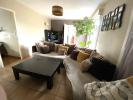 Acheter Maison 70 m2 Pontchateau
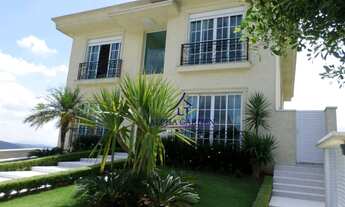 Imagem: Sobrado com 5 dormitórios à venda, 950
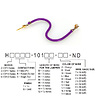 H2ABG-10105-V8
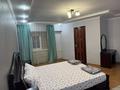 3-бөлмелі пәтер · 85 м² · 2/9 қабат, 14-й мкр 16, бағасы: 22 млн ₸ в Актау — фото 6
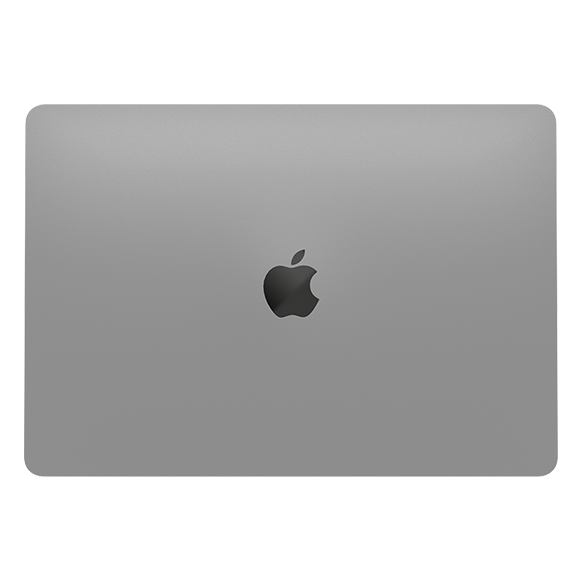 Apple MacBook Pro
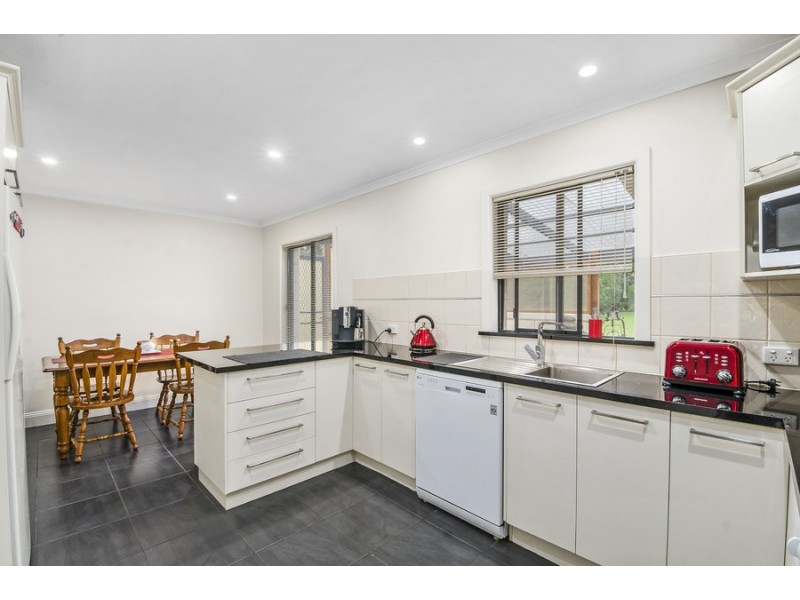 169 Mount Gambier Road, Millicent SA 5280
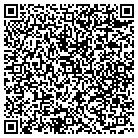 QR code with Jefferson Davis Food Stamp Ofc contacts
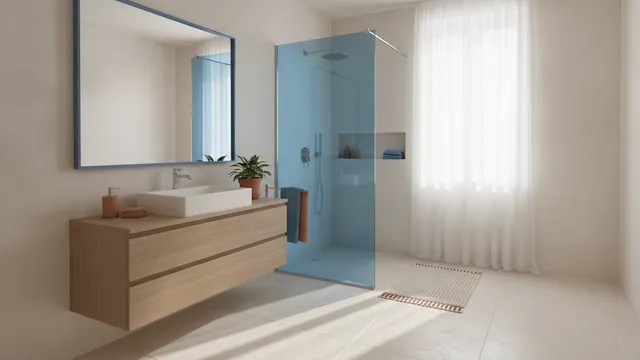 Bathroom Renovation Cost: What It Usually Costs and Why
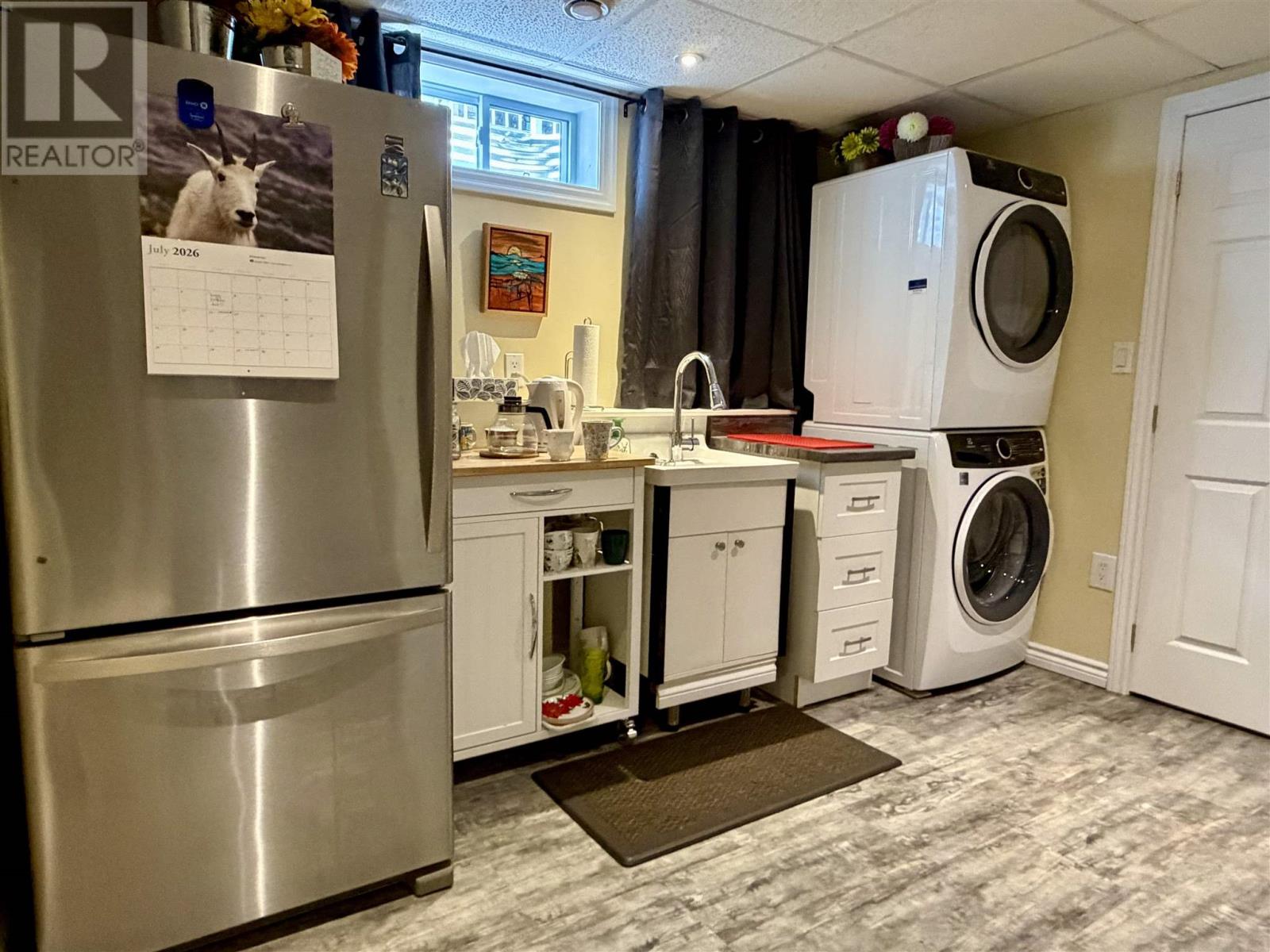 30 Colwill DR - 31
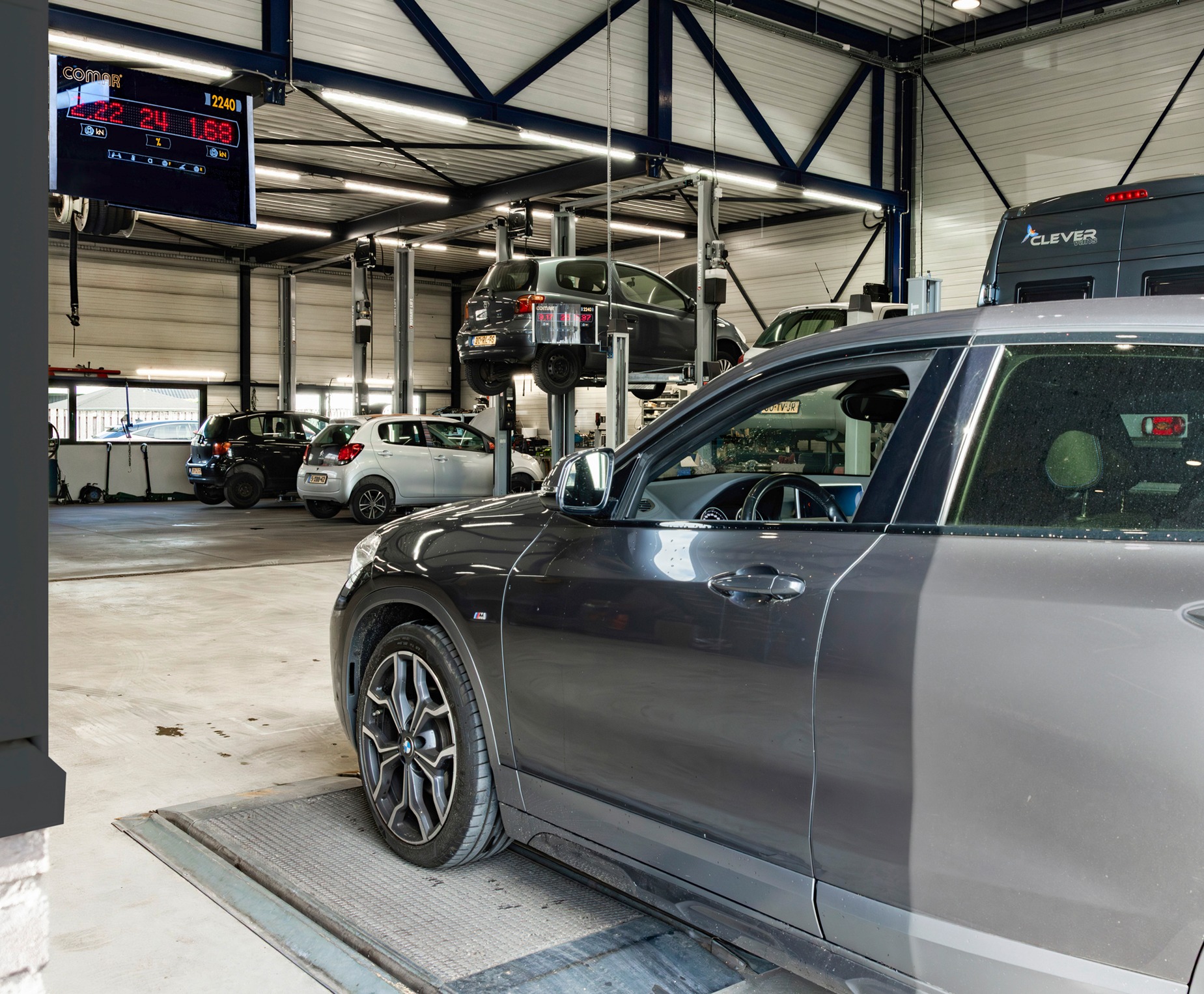 Content 13_content_image_17750320642012146509.jpg APK | Garage Verburg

*PROMPT*: What is needed is the data above, retyped exactly, with every picture left out.

*OUTPUT FOR THIS EXERCISE*:
 Acheter Maison 70 m2 Pontchateau
 Imagem: Sobrado com 5 dormitórios à venda, 950
 H2ABG-10105-V8
 3-бөлмелі пәтер · 85 м² · 2/9 қабат, 14-й мкр 16, бағасы: 22 млн ₸ в Актау — фото 6
 Apple MacBook Pro
 169 Mount Gambier Road, Millicent SA 5280
 QR code with Jefferson Davis Food Stamp Ofc contacts
 Bathroom Renovation Cost: What It Usually Costs and Why
 30 Colwill DR - 31
 Content 13_content_image_17750320642012146509.jpg APK | Garage Verburg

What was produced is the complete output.